→ WORK INSTRUCTION: Below are entries. Copy exactly the lines running from the line that holds "孩子2025年小升初怎么管理班级" to the line that holds "Presentation with fair", with both ends included.

-- DATA FOR PROCESSING follows --

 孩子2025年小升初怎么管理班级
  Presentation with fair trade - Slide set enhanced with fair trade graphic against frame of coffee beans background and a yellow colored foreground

-- DATA FOR PROCESSING concluded --
-- DATA FOR PROCESSING follows --

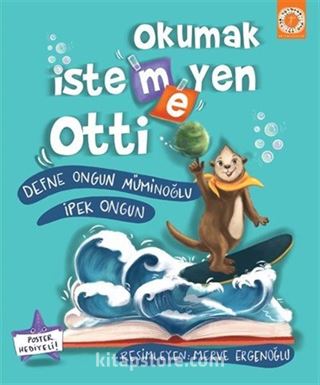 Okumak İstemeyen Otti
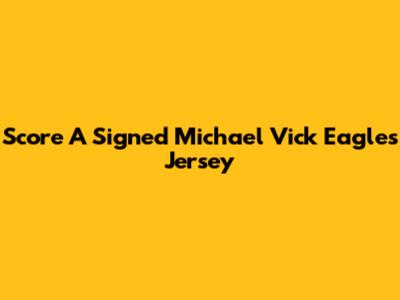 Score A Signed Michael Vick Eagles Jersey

-- DATA FOR PROCESSING concluded --

→ RESPONSE TO THIS TASK:
 孩子2025年小升初怎么管理班级
  Presentation with fair trade - Slide set enhanced with fair trade graphic against frame of coffee beans background and a yellow colored foreground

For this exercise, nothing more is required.